▸ Required work
The listing below is to be duplicated exactly, with every picture omitted.

------

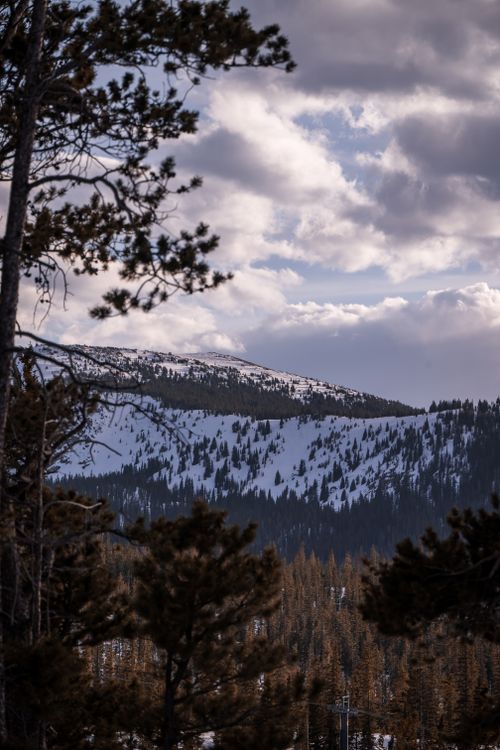 Free A breathtaking view of a snow-covered mountain under a dramatic cloudy sky. Stock Photo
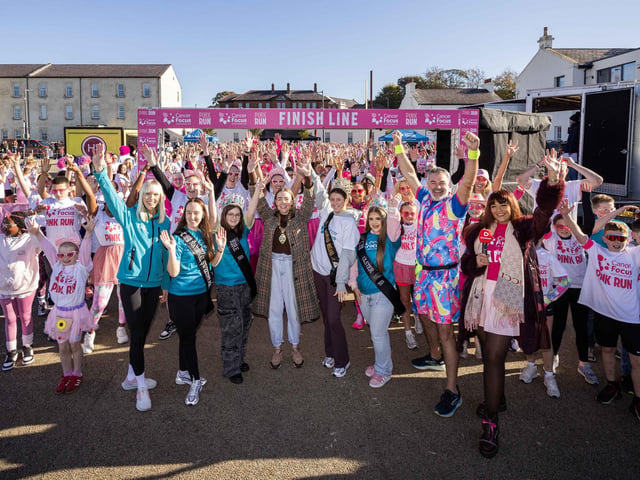 Runners, walkers, and pooches were splashed in pink powder from head to toe for a great cause as Cancer Focus NI’s first Pink Run took place in Londonderry. Picture Steven McAuley/McAuley Multimedia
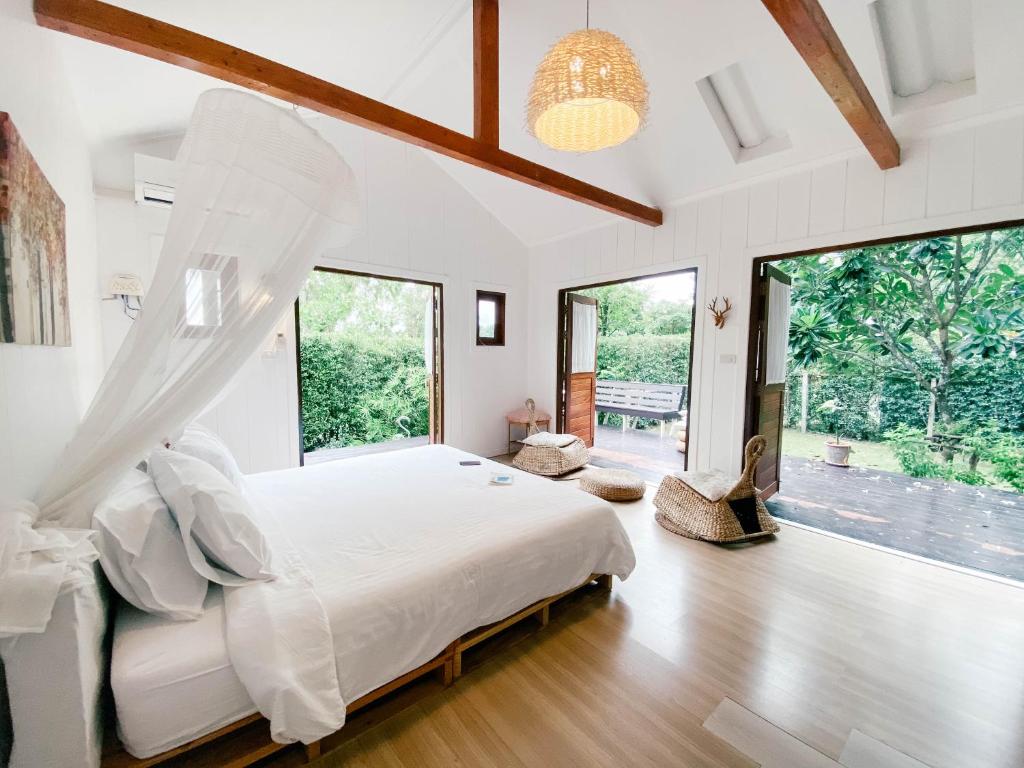 - une chambre avec un grand lit et de grandes fenêtres dans l'établissement Terrua Main Ten Villa Garden, à Suan Phueng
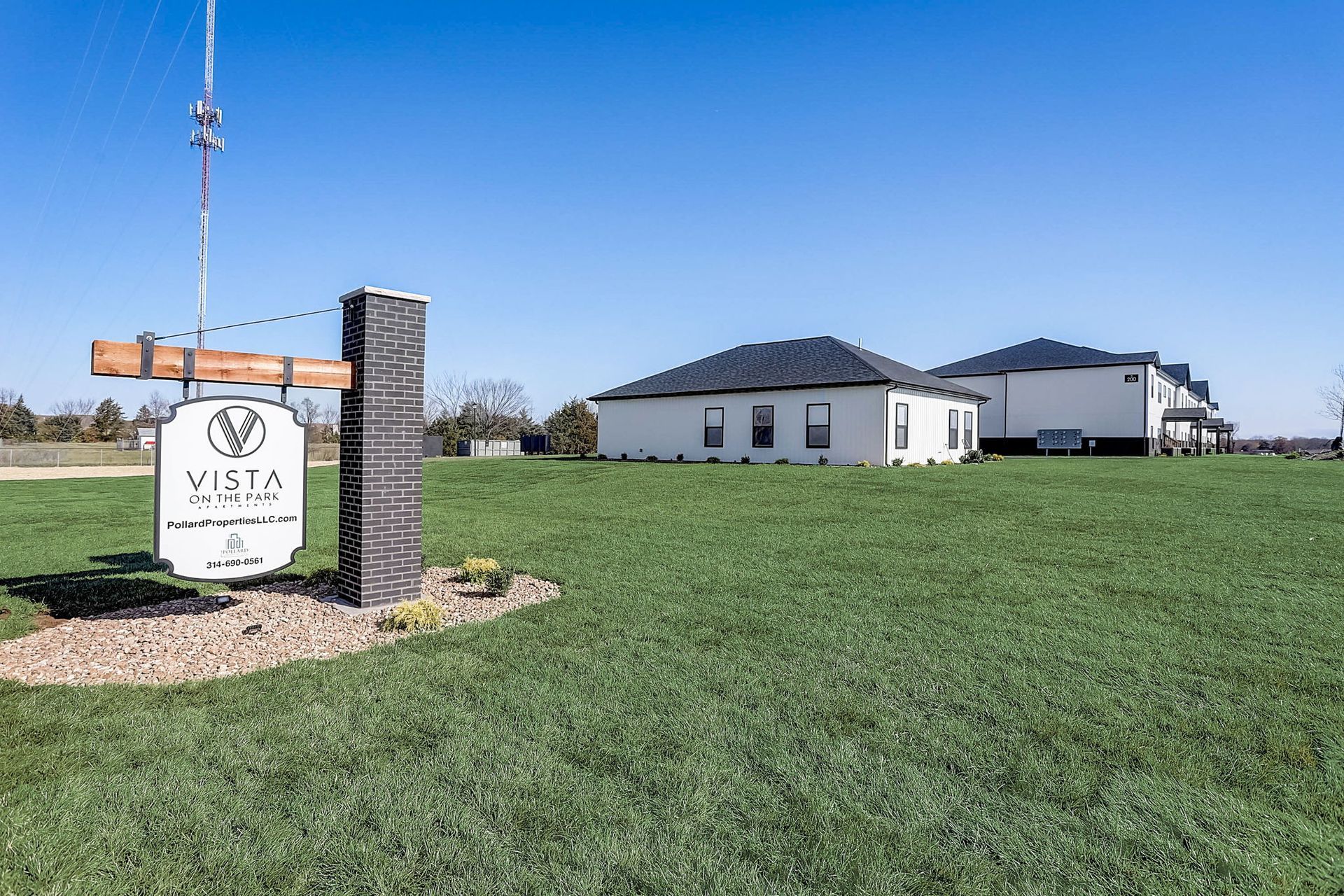 Vista community entrance sign beside a grassy field and white buildings under a clear blue sky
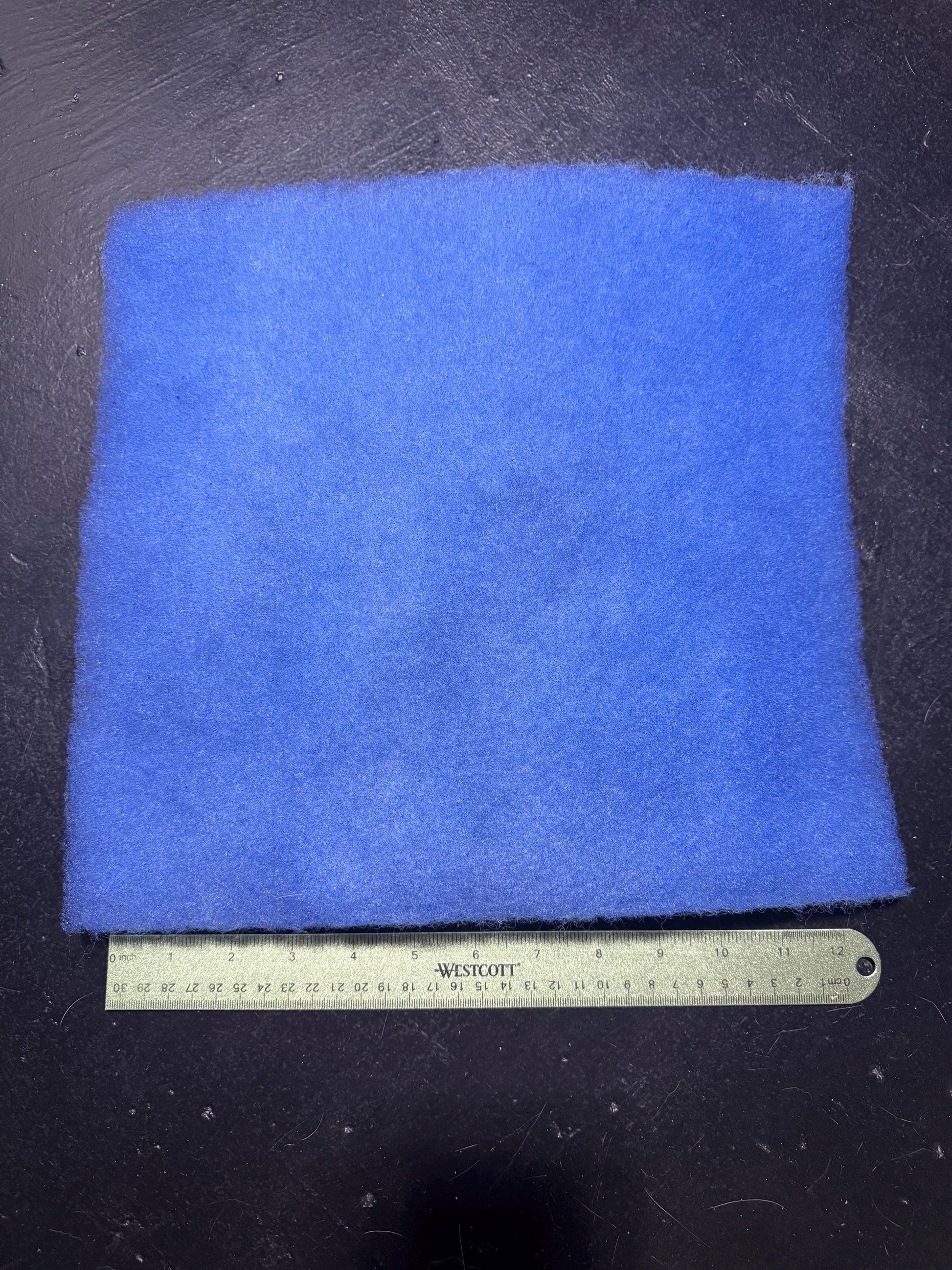 12x12 inch aquarium filter floss pad on white background, blue and white mechanical filter media sheet for fish tanks and aquariums that helps trap debris and polish water clarity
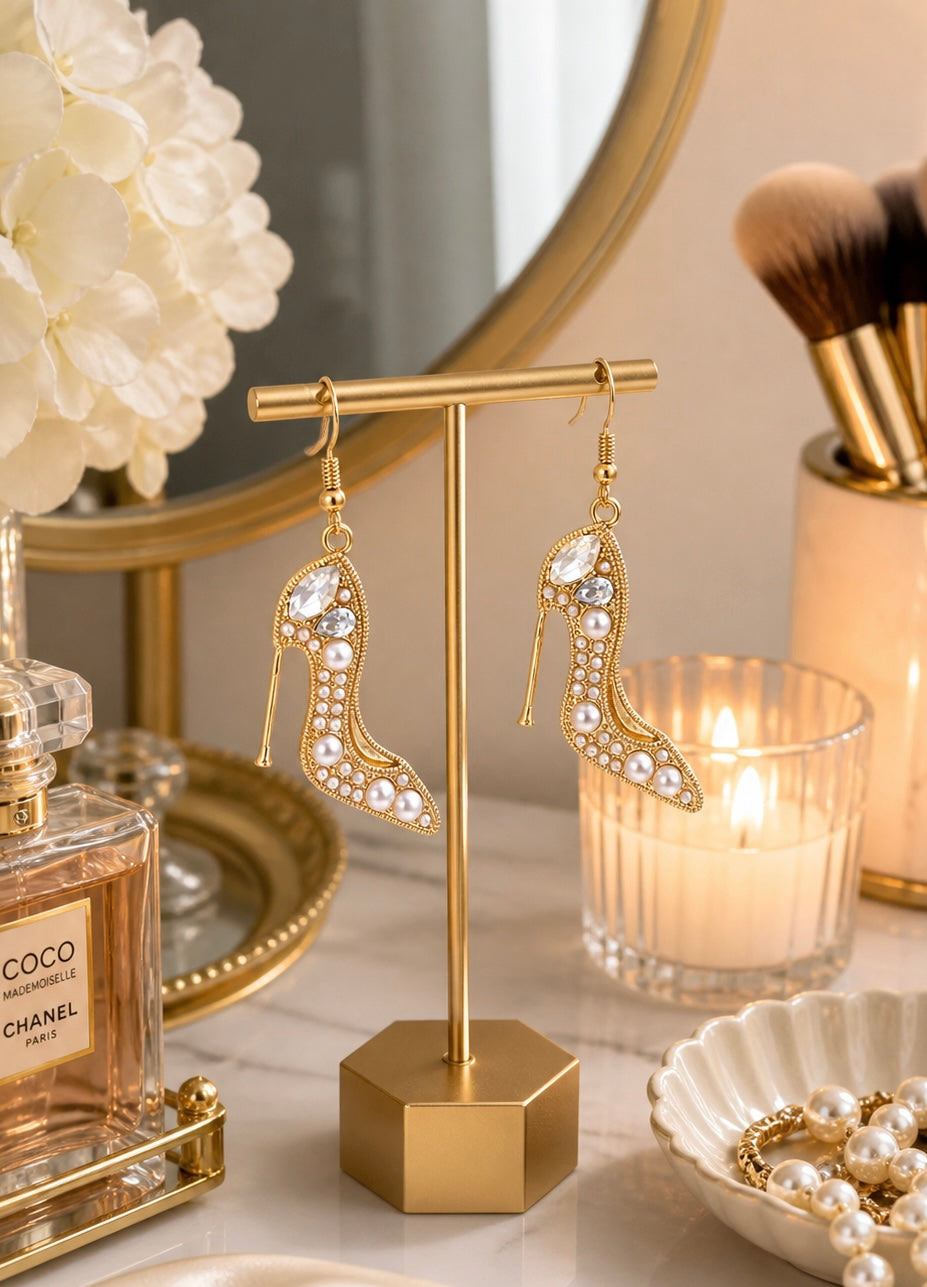 Gold high-heeled shoe earrings on a stand with a candle and perfume bottle in the background.
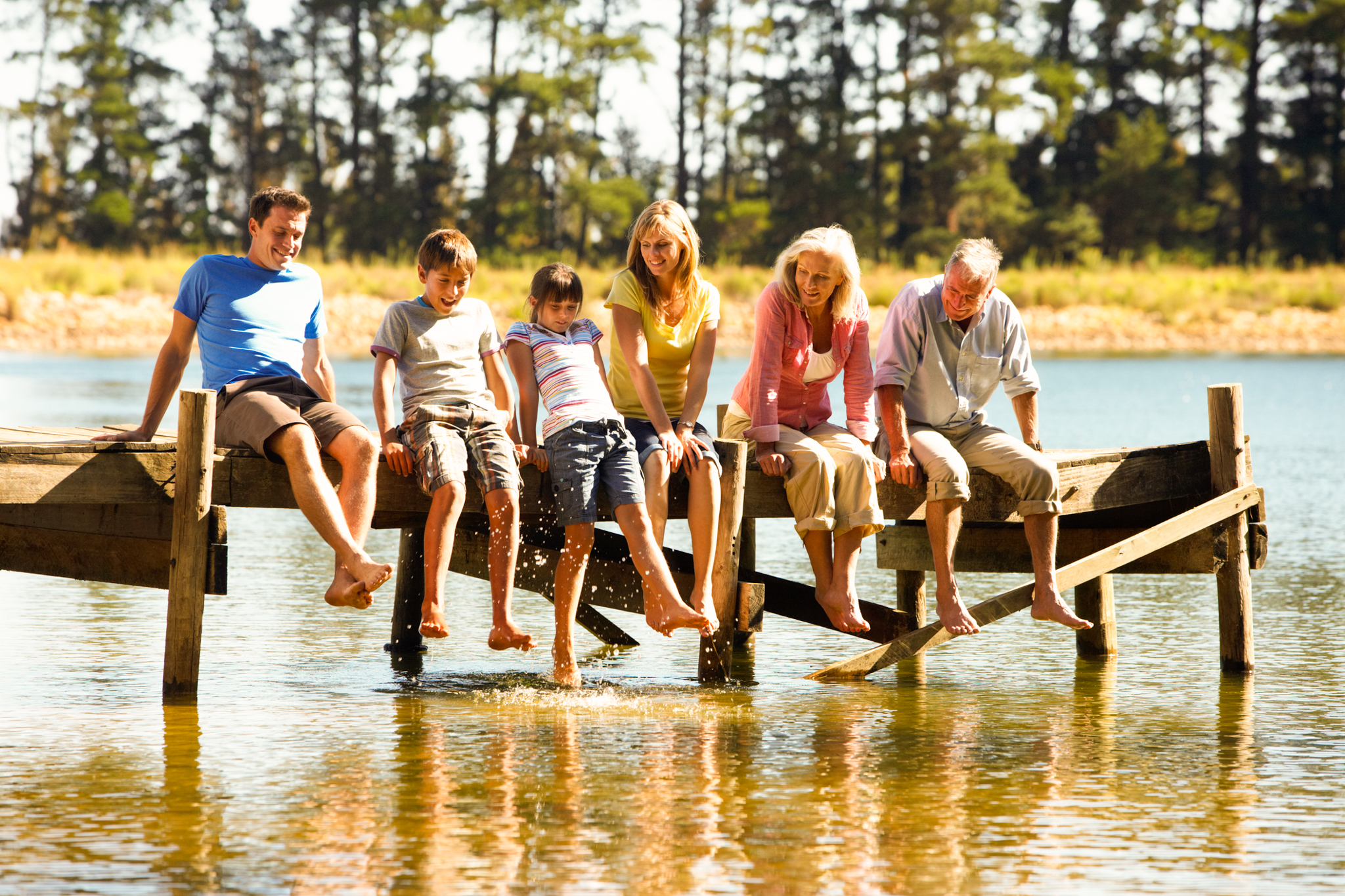 Three Generation Family Sitting On Wooden Jetty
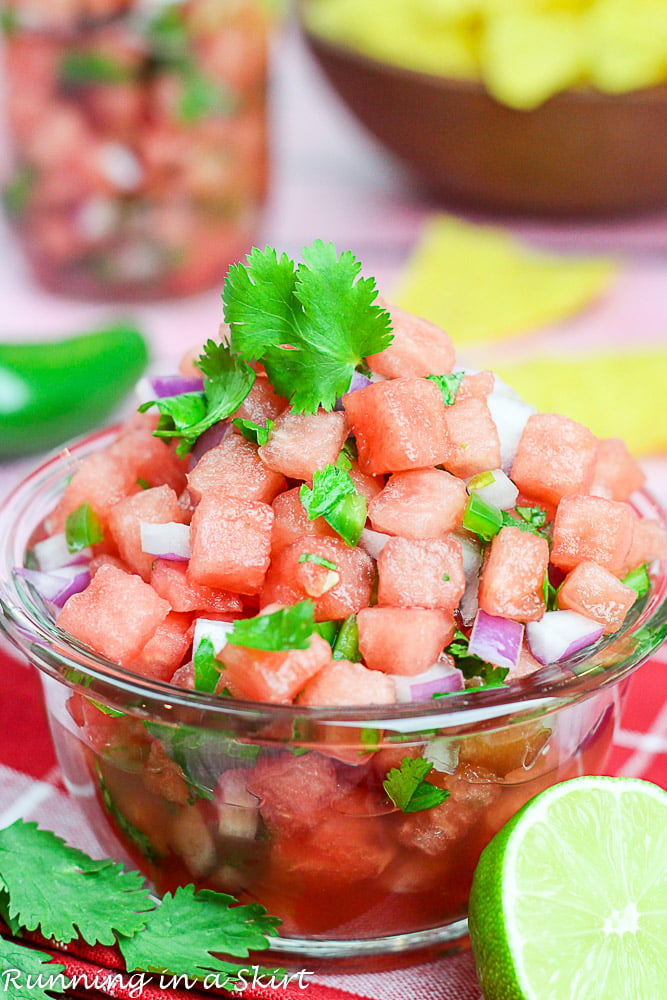Watermelon salsa is a glass bowl with chips in the background.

------

▸ Final answer
 Free A breathtaking view of a snow-covered mountain under a dramatic cloudy sky. Stock Photo
 Runners, walkers, and pooches were splashed in pink powder from head to toe for a great cause as Cancer Focus NI’s first Pink Run took place in Londonderry. Picture Steven McAuley/McAuley Multimedia
 - une chambre avec un grand lit et de grandes fenêtres dans l'établissement Terrua Main Ten Villa Garden, à Suan Phueng
 Vista community entrance sign beside a grassy field and white buildings under a clear blue sky
 12x12 inch aquarium filter floss pad on white background, blue and white mechanical filter media sheet for fish tanks and aquariums that helps trap debris and polish water clarity
 Gold high-heeled shoe earrings on a stand with a candle and perfume bottle in the background.
 Three Generation Family Sitting On Wooden Jetty
Watermelon salsa is a glass bowl with chips in the background.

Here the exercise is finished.